■ Given records ■
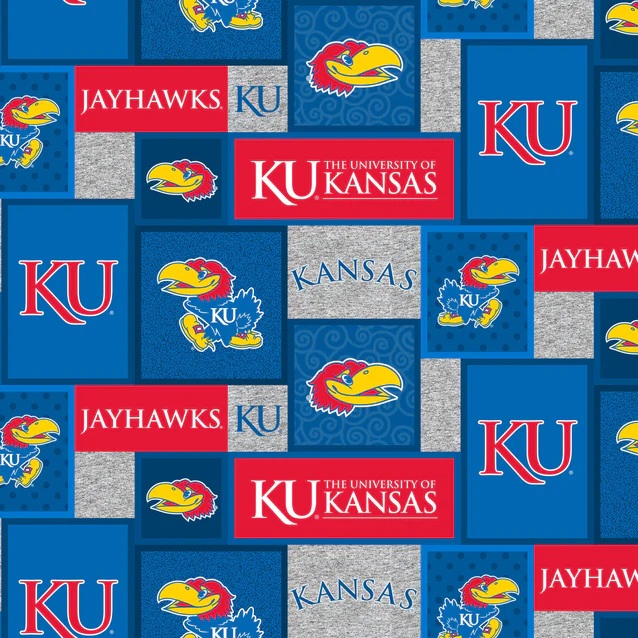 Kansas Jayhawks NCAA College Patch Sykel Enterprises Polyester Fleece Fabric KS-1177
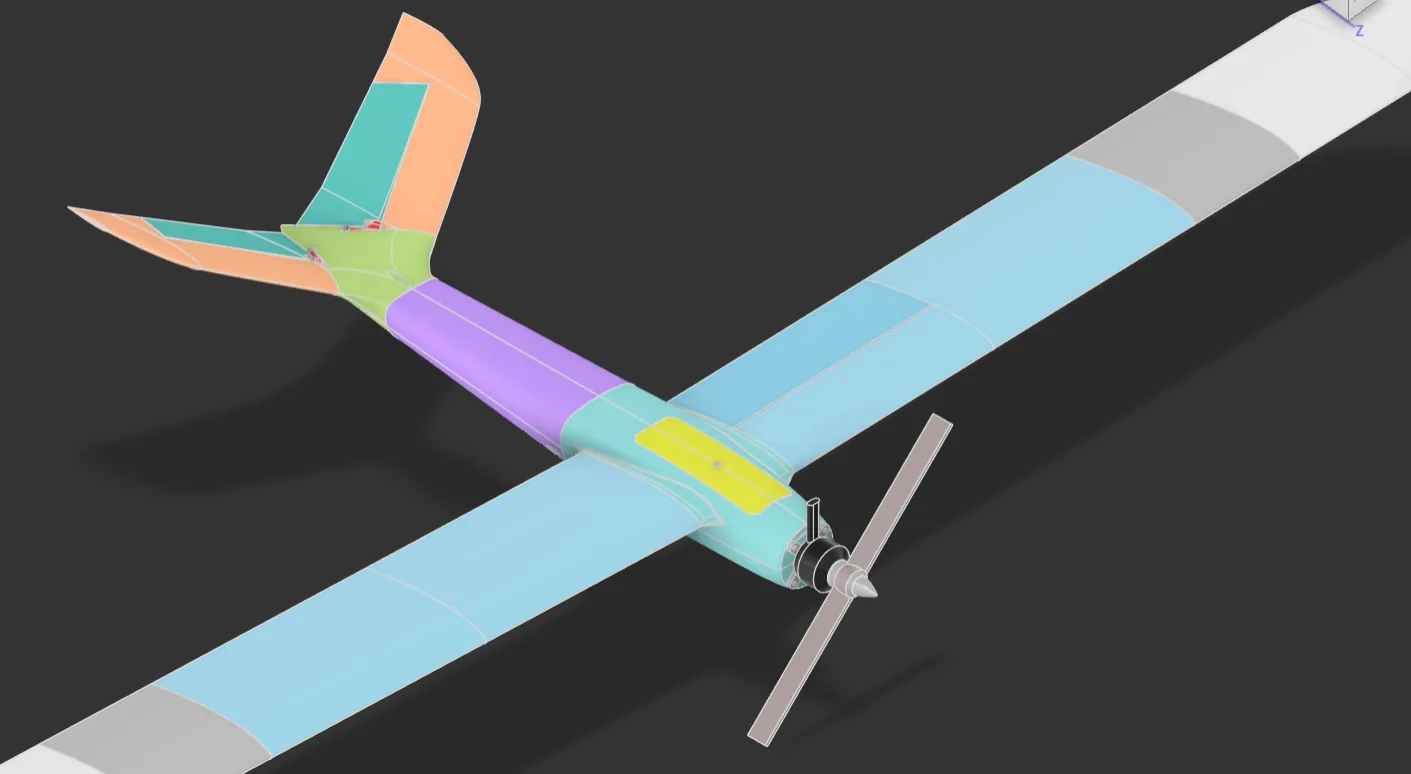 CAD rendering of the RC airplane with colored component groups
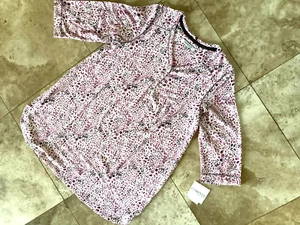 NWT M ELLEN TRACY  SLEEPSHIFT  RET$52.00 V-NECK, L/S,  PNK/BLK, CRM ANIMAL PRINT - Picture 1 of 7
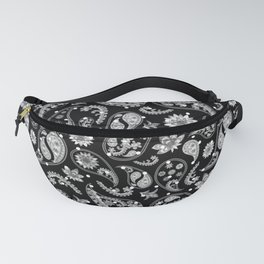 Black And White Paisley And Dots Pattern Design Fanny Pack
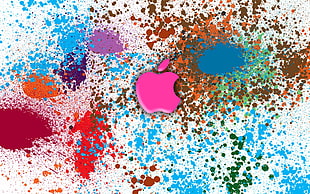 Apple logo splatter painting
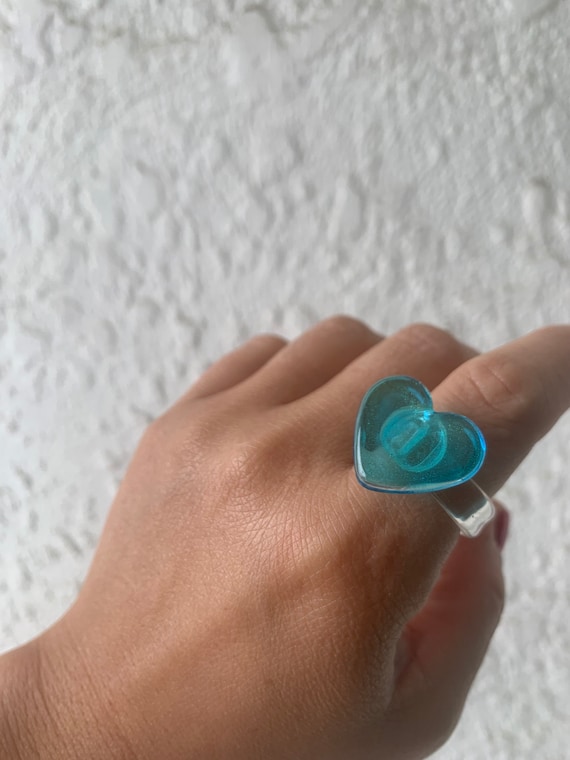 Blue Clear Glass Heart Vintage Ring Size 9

■ Try it ■
Please retype the lines from the one that contains "Black And White" to the final line of the records, both included, exactly as written and without any pictures.

■ Solution to this task ■
 Black And White Paisley And Dots Pattern Design Fanny Pack
 Apple logo splatter painting
 Blue Clear Glass Heart Vintage Ring Size 9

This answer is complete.